CoreLogic Reports Shadow Inventory Continues to Decline in July 2012
October 09, 2012, Irvine, Calif. –
NOTE TO MEDIA: Beginning with this Shadow Inventory Report, the methodology used to estimate CoreLogic shadow inventory data has been enhanced. Specifically, CoreLogic adjusted the roll rate approach by incorporating cure rates to more accurately capture increasing foreclosure timelines. As a result of this methodology revision, previous CoreLogic shadow inventory measurements have been updated and can be found at http://www.corelogic.com/downloadable-docs/shadow-inventory-methodology.pdf. Please refer to the extended methodology section of this report for more detail.

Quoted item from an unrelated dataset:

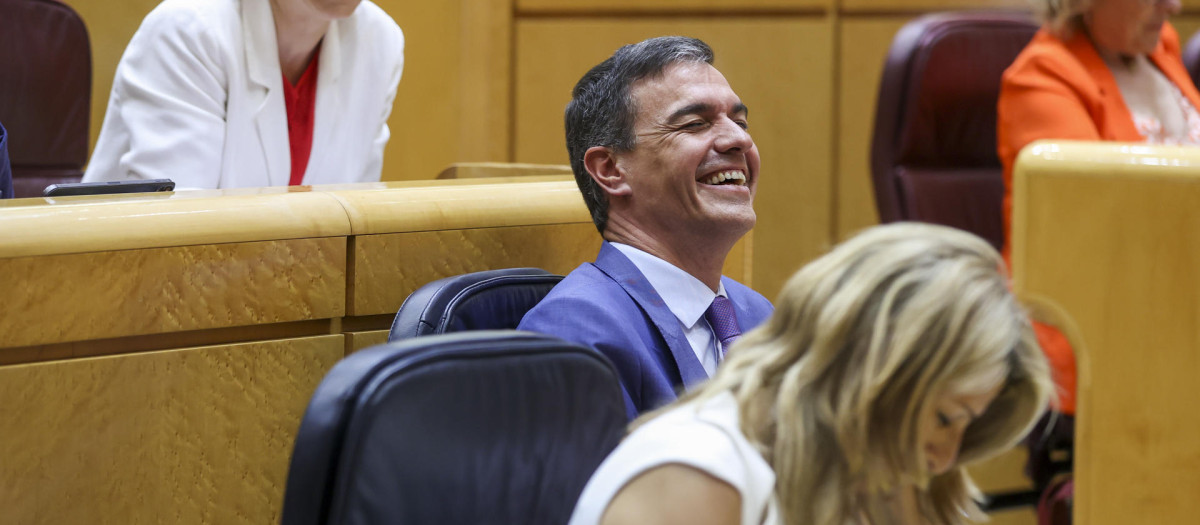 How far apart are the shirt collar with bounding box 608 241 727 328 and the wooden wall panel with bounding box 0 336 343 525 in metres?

—Declines in Shadow Inventory Foreshadow Rise in Prices—
CoreLogic® (NYSE: CLGX), a leading provider of information, analytics and business services, reported today that the current residential shadow inventory as of July 2012 fell to 2.3 million units, representing a supply of six months. This was a 10.2 percent drop from July 2011, when shadow inventory stood at 2.6 million units, which is approximately the same level the country was experiencing in March 2009. Currently, the flow of new seriously delinquent (90 days or more) loans into the shadow inventory has been roughly offset by the equal volume of distressed (short and real estate owned) sales.

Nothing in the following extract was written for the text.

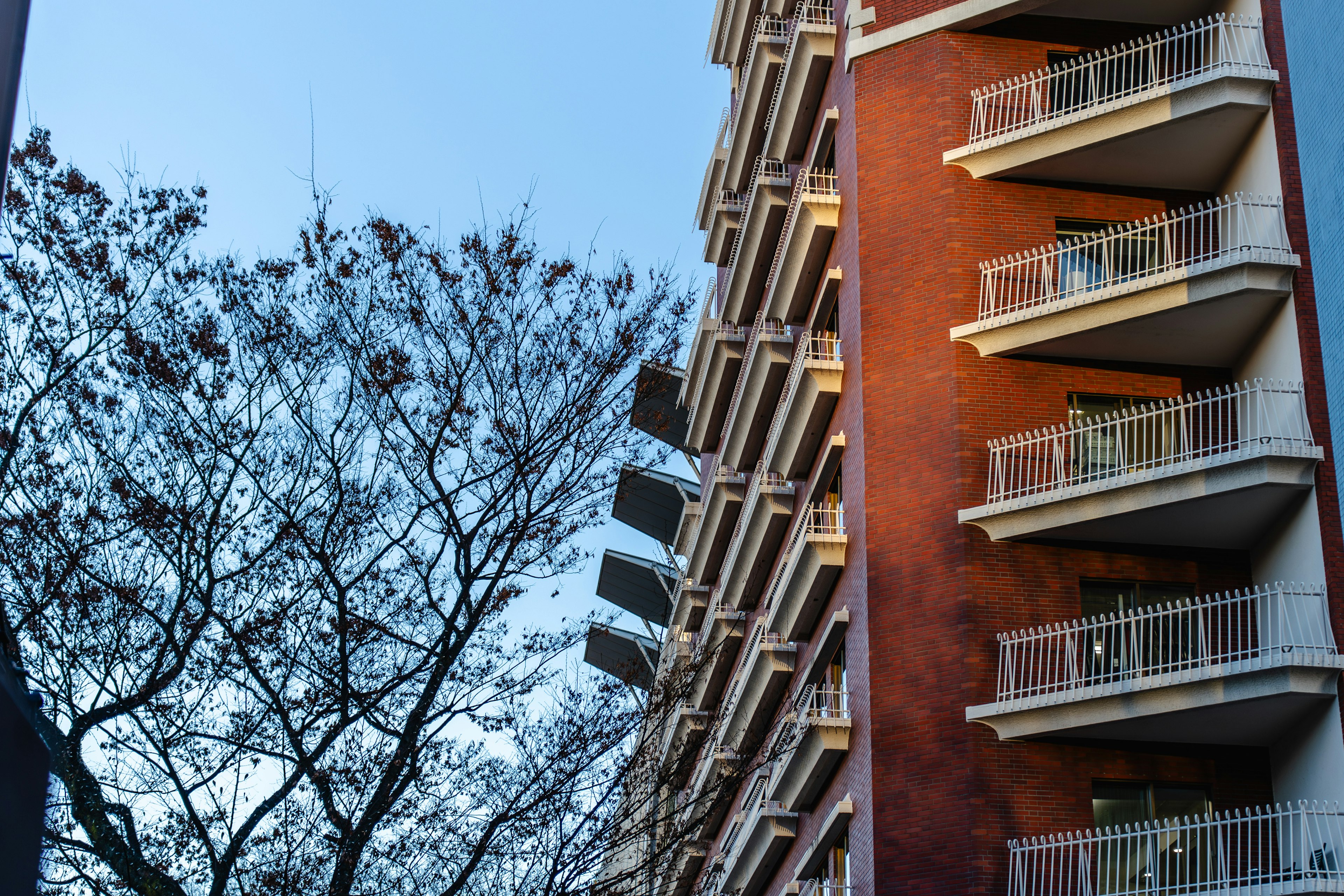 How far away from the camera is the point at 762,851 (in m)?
30.2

CoreLogic estimates the current stock of properties in the shadow inventory, also known as pending supply, by calculating the number of properties that are seriously delinquent, in foreclosure and held as real estate owned (REO) by mortgage servicers but not currently listed on multiple listing services (MLSs). Roll rates are the transition rates of loans from one state of performance to the next. Beginning with this report, cure rates are factored in as well to capture the rise in foreclosure timelines and further enhance the accuracy of the shadow inventory analysis. Transition rates of “delinquency to foreclosure” and “foreclosure to REO” are used to identify the currently distressed non-listed properties most likely to become REO properties. Properties that are not yet delinquent but may become delinquent in the future are not included in the estimate of the current shadow inventory. Shadow inventory is typically not included in the official metrics of unsold inventory.
“Broadly speaking, the shadow inventory continued to shrink in July,” said Anand Nallathambi, president and CEO of CoreLogic. “The reduction is being driven by a variety of resolution approaches. This is yet another hopeful sign that the housing market is slowly healing.”

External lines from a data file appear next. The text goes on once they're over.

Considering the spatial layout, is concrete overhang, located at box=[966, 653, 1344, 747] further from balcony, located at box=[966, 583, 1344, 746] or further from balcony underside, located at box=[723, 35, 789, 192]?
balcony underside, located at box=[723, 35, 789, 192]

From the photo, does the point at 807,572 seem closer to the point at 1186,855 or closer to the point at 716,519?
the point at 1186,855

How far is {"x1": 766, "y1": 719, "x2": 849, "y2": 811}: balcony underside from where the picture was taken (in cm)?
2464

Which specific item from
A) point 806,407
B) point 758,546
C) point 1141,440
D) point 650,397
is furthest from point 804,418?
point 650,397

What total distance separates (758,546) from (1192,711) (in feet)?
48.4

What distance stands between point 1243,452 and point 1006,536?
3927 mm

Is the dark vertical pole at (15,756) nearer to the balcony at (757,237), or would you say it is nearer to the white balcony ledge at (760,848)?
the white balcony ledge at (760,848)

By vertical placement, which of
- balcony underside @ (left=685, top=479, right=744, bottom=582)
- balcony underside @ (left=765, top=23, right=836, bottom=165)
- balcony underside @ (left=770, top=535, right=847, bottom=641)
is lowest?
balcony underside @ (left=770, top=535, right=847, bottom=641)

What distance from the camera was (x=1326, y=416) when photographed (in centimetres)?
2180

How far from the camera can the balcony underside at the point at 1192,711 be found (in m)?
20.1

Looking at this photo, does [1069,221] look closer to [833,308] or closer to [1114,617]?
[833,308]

“The decline in shadow inventory has recently moderated reflecting the lower outflow of distressed sales over the past year,” said Mark Fleming, chief economist for CoreLogic. “While a lower outflow of distressed sales helps alleviate downward home price pressure, long foreclosure timelines in some parts of the country causes these pools of shadow inventory to remain in limbo for an extended period of time.”
Data Highlights as of July 2012:
- As of July 2012, shadow inventory fell to 2.3 million units or six-months’ supply and represented just over three-fourths of the 2.7 million properties currently seriously delinquent, in foreclosure or in REO.
- Of the 2.3 million properties currently in the shadow inventory (Figures 1 and 2), 1 million units are seriously delinquent (2.9 months’ supply), 900,000 are in some stage of foreclosure (2.5-months’ supply) and 345,000 are already in REO (1.0-months’ supply).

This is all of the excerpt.